Posted By on March 2, 2016 @ 06:00

U.S. Defense Secretary Ash Carter and Australian Defense Minister Marise Payne shake hands after signing a U.S.-Australia defense statement at the Boston Public Library during the Australia-U.S. Ministerial Consultations in Boston, Oct. 13, 2015.


Australians of all political persuasions have every reason to be proud of the newly-issued Defence White Paper. It lays out a logical, well-reasoned and broadly supportable articulation of the strategic environment likely to develop in the region over the next two decades, and prescribes a deliberate and achievable course of action to protect Australia’s interests well into this century. Critics may fault the relatively short shrift given to the cyber domain, as well as potential messaging flaws involved in its release, but there’s little else of which to complain. As an American and a serving US Army officer, I think there’s much to admire in both process and product.

The US process is much more fragmented and, consequently, less coherent than the one used to produce the 2016 Defence White Paper. Our Defense Strategy Review (formerly the Quadrennial Defense Review), mandated at four-year intervals, ultimately has less influence on national defence strategy and policy than the annual debates over the budget.

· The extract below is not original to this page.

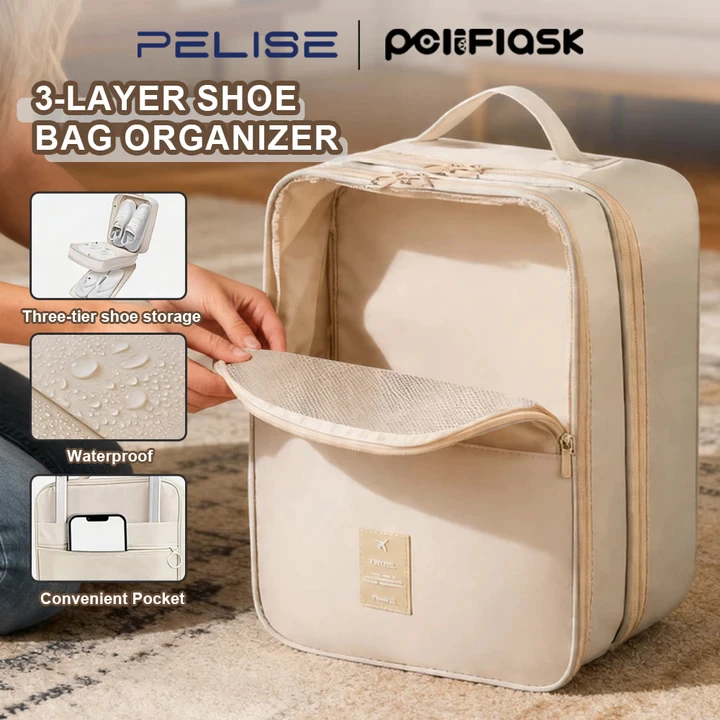 60% OFF Pelise 3-Layer Shoe Bag Organizer Foldable Travel Bag Waterproof Dustproof Luggage Storage Bag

At just 64 pages, the 2014 QDR report is less a plan of action than a restatement of principles written in such bland language that supporters of contradictory programs or policies can both find justification for their positions in its pages.

Aside from the QDR, intermittent ‘strategic guidance’ documents from the Secretary of Defense and the uniformed service chiefs, and the appropriately named ‘posture statements’ provided to the Congress, muddy the waters even further. The combined result is a system so encumbered by a layered bureaucracy that real debate seldom occurs.  Even when it does, it’s almost always conducted by proxies—professional staffers serving the House of Representatives and Senate, policy experts, and lobbyists for defence industries, some of whom approach the problem with their eyes less focused on value for money than on monetary return on investment.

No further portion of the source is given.